🤖 AI Summary
Large language models (LLMs) suffer from hallucination and inefficiency in self-consistency reasoning due to blind sampling and imprecise path selection. To address this, we propose RACO—the first reasoning-aware self-consistency framework—that jointly models the credibility of reasoning paths and answer consistency. RACO introduces a dynamic quality assessment mechanism that drives early stopping during multi-path generation and enables credibility-weighted majority voting. Unlike conventional fixed-sampling approaches, RACO continuously evaluates reasoning fidelity in real time, retains only high-fidelity paths, and aggregates answers proportionally to their estimated reliability.

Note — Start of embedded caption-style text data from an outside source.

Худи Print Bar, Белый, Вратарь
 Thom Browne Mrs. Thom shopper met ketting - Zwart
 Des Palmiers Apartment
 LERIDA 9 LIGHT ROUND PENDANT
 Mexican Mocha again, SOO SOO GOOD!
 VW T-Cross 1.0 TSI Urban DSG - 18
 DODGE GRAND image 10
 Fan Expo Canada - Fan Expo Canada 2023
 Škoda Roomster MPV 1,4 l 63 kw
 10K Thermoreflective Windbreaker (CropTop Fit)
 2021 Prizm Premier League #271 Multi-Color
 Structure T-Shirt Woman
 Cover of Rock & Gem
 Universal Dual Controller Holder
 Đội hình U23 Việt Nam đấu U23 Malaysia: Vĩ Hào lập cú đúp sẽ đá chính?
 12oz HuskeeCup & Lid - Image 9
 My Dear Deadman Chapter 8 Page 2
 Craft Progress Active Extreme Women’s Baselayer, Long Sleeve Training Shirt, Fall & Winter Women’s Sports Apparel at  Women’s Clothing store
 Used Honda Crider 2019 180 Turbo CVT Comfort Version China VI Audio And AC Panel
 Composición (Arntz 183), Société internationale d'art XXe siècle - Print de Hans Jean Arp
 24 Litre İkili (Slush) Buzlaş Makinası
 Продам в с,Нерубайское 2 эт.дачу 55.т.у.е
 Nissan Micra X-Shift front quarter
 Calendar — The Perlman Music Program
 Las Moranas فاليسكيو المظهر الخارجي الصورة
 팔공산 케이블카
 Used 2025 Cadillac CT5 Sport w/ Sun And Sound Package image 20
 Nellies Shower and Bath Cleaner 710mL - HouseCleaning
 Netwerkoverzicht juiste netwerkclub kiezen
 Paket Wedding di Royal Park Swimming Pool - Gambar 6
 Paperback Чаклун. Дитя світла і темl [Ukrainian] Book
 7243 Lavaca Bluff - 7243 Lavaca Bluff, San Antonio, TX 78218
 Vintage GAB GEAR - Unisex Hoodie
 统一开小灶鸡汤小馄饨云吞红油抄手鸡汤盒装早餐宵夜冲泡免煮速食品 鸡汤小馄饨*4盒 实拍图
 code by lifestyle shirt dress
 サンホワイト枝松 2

On diverse question-answering benchmarks, RACO reduces average sampling overhead by 70% while preserving accuracy, significantly improving the faithfulness and interpretability of selected rationales. It is the first method to systematically balance inference efficiency and logical fidelity under resource constraints.
📝 Abstract
Self-Consistency mitigates hallucinations in Large Language Models (LLMs) by sampling multiple reasoning paths,but it lacks a systematic approach to determine the optimal number of samples or select the most faithful rationale. To address this limitation, we introduce Reasoning-Aware Self-Consistency (RASC), a novel framework that enhances sampling efficiency and reasoning faithfulness by dynamically evaluating both outputs and rationales. RASC assesses the quality of reasoning and the consistency of answers for each generated sample, using these assessments to guide early stopping decisions and rationale selection. The framework employs criteria-based stopping and weighted majority voting, enabling more informed choices on when to halt sampling and which rationale to select. Our comprehensive experiments across diverse question-answering datasets demonstrate that RASC outperforms existing methods, reducing sample usage by approximately 70% while maintaining accuracy. Moreover, RASC facilitates the selection of high-fidelity rationales, thereby improving the faithfulness of LLM outputs. Our approach effectively addresses the efficiency-accuracy trade-off in LLM reasoning tasks, offering a new perspective for more nuanced, faithful, and effective utilization of LLMs in resource-constrained environments.